*Problem*: The reply should be the records repeated exactly, without any images.

*Materials provided*:
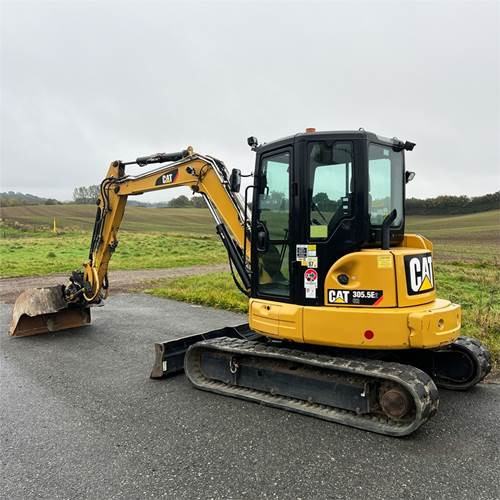 Caterpillar 305.5E 2 CR - Mini excavator: picture 1 Caterpillar 305.5E 2 CR - Mini excavator: picture 1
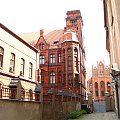 Na wprost widać fragment Dworu Artusa, po lewej budynek poczty głównej a po prawej kościół Św. Ducha #Toruń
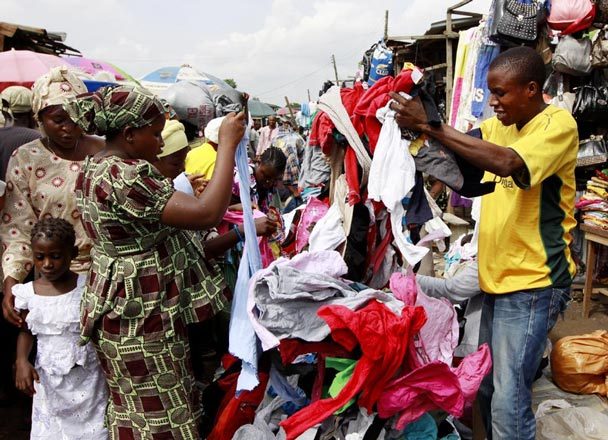 Picture showing shoppers at Katangua 
thrift market in Lagos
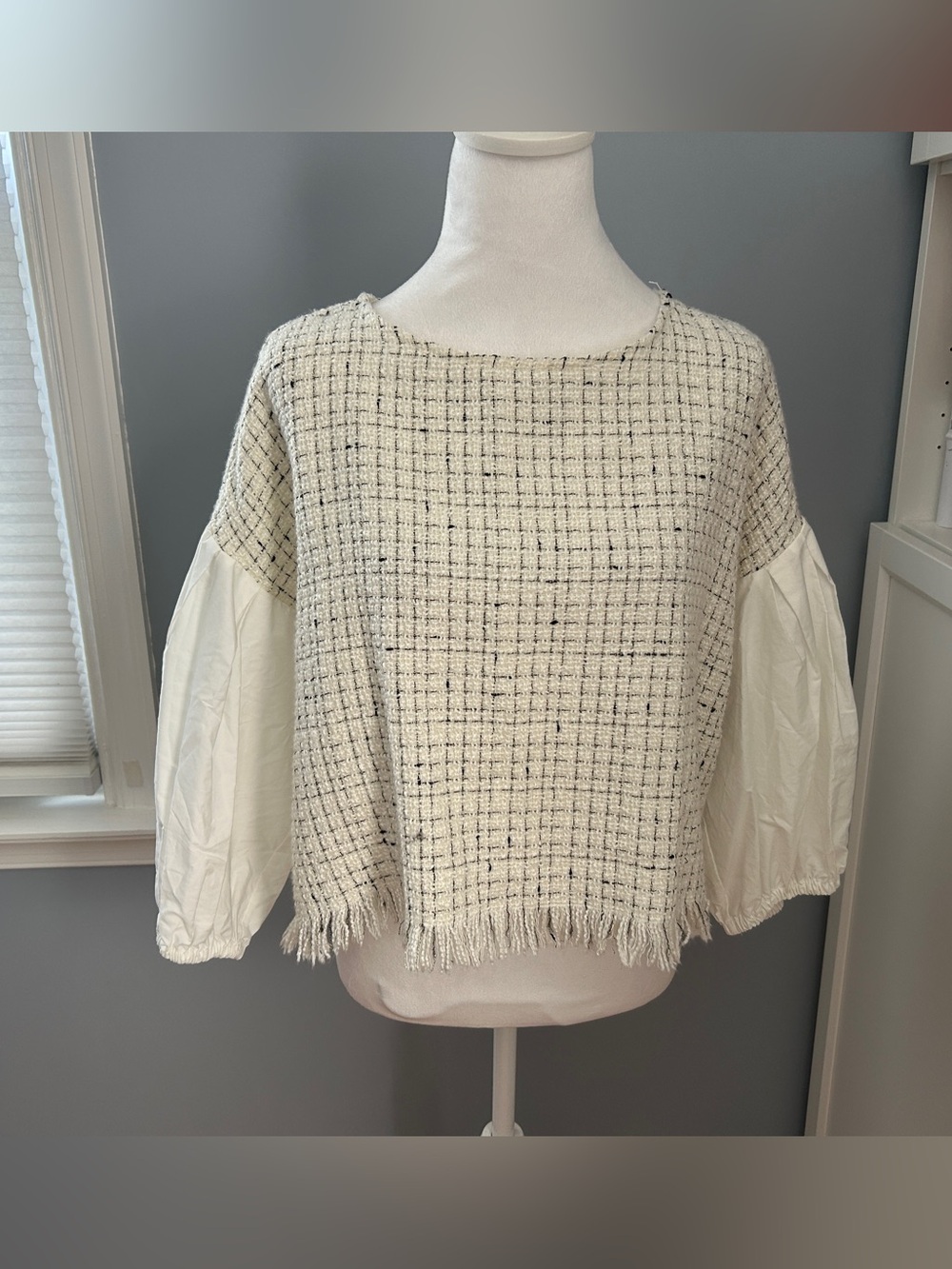 Zara Tweed Crop Top Size M Black White Contrast Balloon Sleeve Fringe Hem Preppy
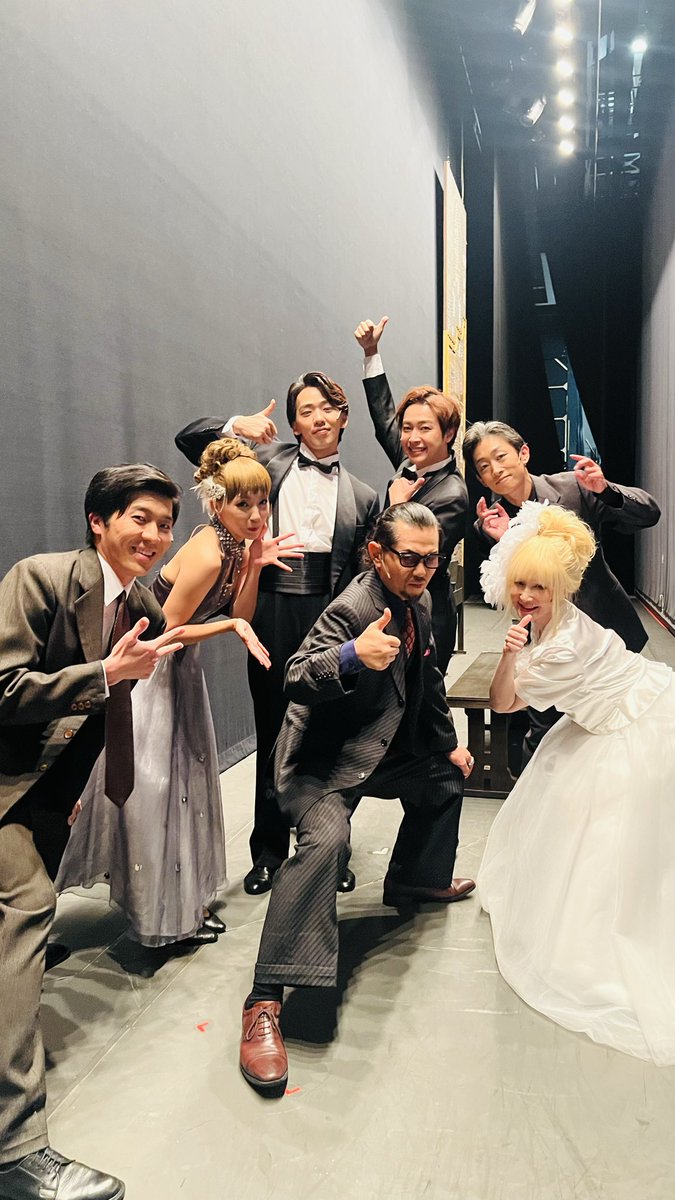 Bandy940626's tweet photo. 水谷千重子50周年記念公演「CAKUGO」
本日、無事に大千穐楽を迎えることができました。
全42ステージ、ご来場いただいた皆様。
千重子先生をはじめキャストの皆様。
スタッフ、並びに関係者の皆様。
ありがとうございました！
また皆さんにお会いできる日まで
これからも精進してまいります。 https://t.co/9udN8Vws96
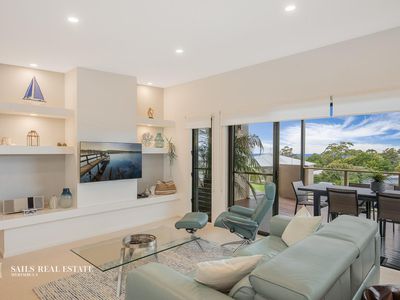 16 The Crest, Merimbula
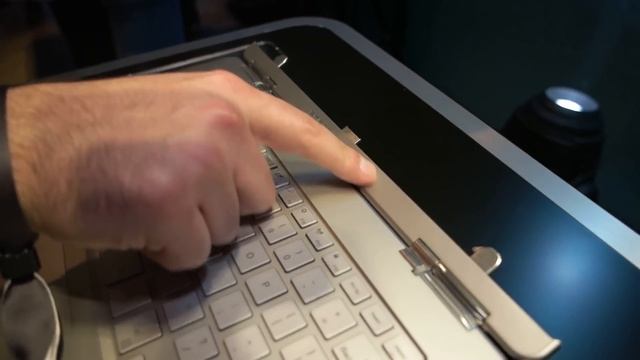 PORSCHE DESIGN BOOK ONE: NOTEBOOK 2-in-1 DEFINITIVO DA 2895€ | MWC 2017 смотреть онлайн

*Task output*:
 Caterpillar 305.5E 2 CR - Mini excavator: picture 1 Caterpillar 305.5E 2 CR - Mini excavator: picture 1
 Na wprost widać fragment Dworu Artusa, po lewej budynek poczty głównej a po prawej kościół Św. Ducha #Toruń
 Picture showing shoppers at Katangua 
thrift market in Lagos
 Zara Tweed Crop Top Size M Black White Contrast Balloon Sleeve Fringe Hem Preppy
 Bandy940626's tweet photo. 水谷千重子50周年記念公演「CAKUGO」
本日、無事に大千穐楽を迎えることができました。
全42ステージ、ご来場いただいた皆様。
千重子先生をはじめキャストの皆様。
スタッフ、並びに関係者の皆様。
ありがとうございました！
また皆さんにお会いできる日まで
これからも精進してまいります。 https://t.co/9udN8Vws96
 16 The Crest, Merimbula
 PORSCHE DESIGN BOOK ONE: NOTEBOOK 2-in-1 DEFINITIVO DA 2895€ | MWC 2017 смотреть онлайн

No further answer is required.